Entries in New models (9)

Friday
Sep082017

In Search of New Models, Part VIII: Advertising

A quick look at older issues of The American Organist magazine will show that we used to live in a simpler time. The magazine wasn’t the ad farm it is today. Although we’re told we have fewer organ students enrolled in higher degrees and fewer places to earn those degrees, somehow we are up to our armpits in organists taking out ads in the journals.

I always created my ads without professional assistance. I would trawl through my photo archives and pick out something that grabs attention in some way. Then I came up with a clever tag line and designed the ad. That’s it! My ads get people’s attention but only for a moment. A new ad, a new tagline, something clever. And just when I felt I was beating my head against the wall of obsolescence, I would hear someone say, “You have the best and most refreshing ads in the magazine. I enjoy looking for them.” That is encouraging of them to say that, but it dawned on me that I had become known as Joby Bell, maker of clever ads, rather than Joby Bell, organist. And so the time came several months ago to discontinue regular advertising in the magazine.

I certainly won’t presume to instruct anyone in the art of staying visible or even staying alive in this profession. My own journey has been one of some luck, more than some perseverance, and a metric ton of money spent on advertising. My continuum in this business began as a prizewinner in the AGO national competition in 2000. From there, I advertised as a performer, and then my alma mater came calling with an interim professorial position, which turned permanent after two years. I’ve been there ever since. Now I’m involved in a multi-disc recording series that will come with its own marketing – marketing that I don’t have to manage. There are a handful of people in the profession who still remember me as one of those finalists in 2000. Most everyone else just thinks I’ve always been around. It gets interesting from there, because the people who think I have always been around also assume that I went to one of the usual suspects of great schools and studied with one of the usual suspects of great teachers. (I did indeed study with one of the great teachers, but he wasn’t one of the “usual suspects” that come to most minds.)

People also know me as a supremely well-organized individual. My work on the committee for the national competition set a new standard, and people noticed. But I became known as Joby Bell the organized, rather than Joby Bell the organist. That required me to take a step back, once again, from regular committee service in the national organization.

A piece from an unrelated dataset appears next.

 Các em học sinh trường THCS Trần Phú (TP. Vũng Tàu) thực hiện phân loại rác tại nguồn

I see two models at odds with each other in career self management: 1) the buzzing bees pursuing a certain model of being sensational to be noticed; 2) someone saying, “Just be excellent, and only the people interested in excellence will come your way,” or, “Just work hard, and it will come to you.” The first group has a self-taught work ethic and is probably comprised of the young, the cute, the driven, and often the male. The second group is waiting for a desired thing to happen, a habit for which I have no fondness. At first, I was told to be in the second group. Later on, I was told to be in the first group. Once I had been around both blocks, I fell back into the second group but with a difference. Now I am no longer waiting for something to happen. Now I do what I do just because I like doing it and teaching others how to do it. My corner of the world is still small, but it’s mine and I made it good. The difference lies in discontinuing the investment in what others think about it. I’ll never be invited to perform here or there, and I’ll probably never be invited to join a management roster, and I’ll probably never be invited to join a faculty of usual suspects. But the work ethic that was instilled in me is still high, ironclad and very useful, and I shall continue to practice and play my very best and let anyone who has ears come and hear. 

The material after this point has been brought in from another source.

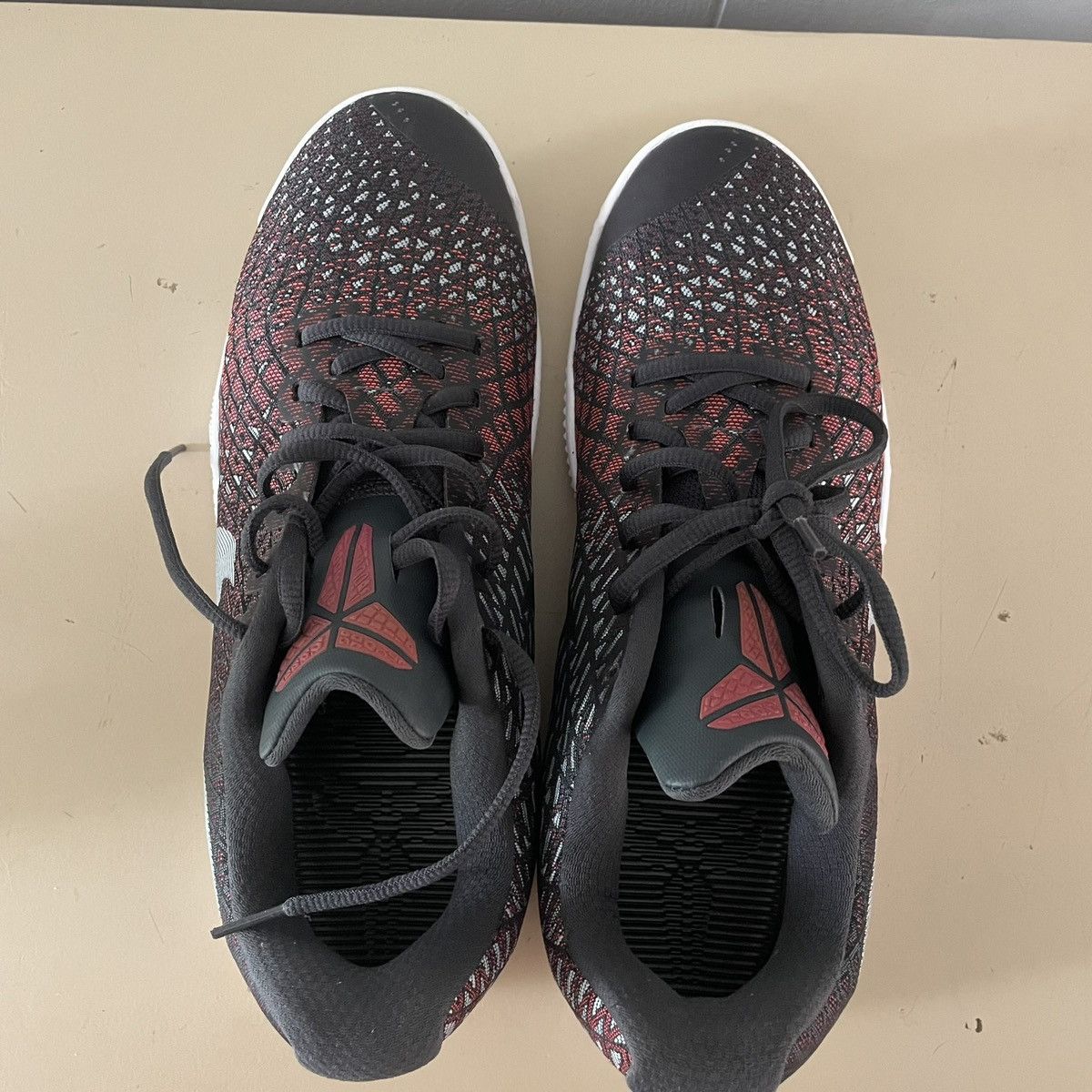 Nike 8.5 Nike Kobe Mamba Instinct Black Red 852473-006 W/ Box Size US 8.5 / EU 41-42 - 4 Thumbnail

My teacher Clyde Holloway could sit and wait for business to come to him. It was a different time in the 1960s when he landed just right in the profession with his supreme performing, his national competition win, and his devilishly handsome looks. When he was older, he told me that in his early days it would anger him to no end when he discovered that people invited him to play because he was cute and not because he played well. He did play very well indeed, but he wanted people to take him seriously for his playing and stop cruising him. But when he related this story to me, he added that at his present age (then in his 60s), he’d now take any attention he could get! Good looks cannot be ignored in this profession and are in fact fairly necessary toward success. The young will inherit the earth.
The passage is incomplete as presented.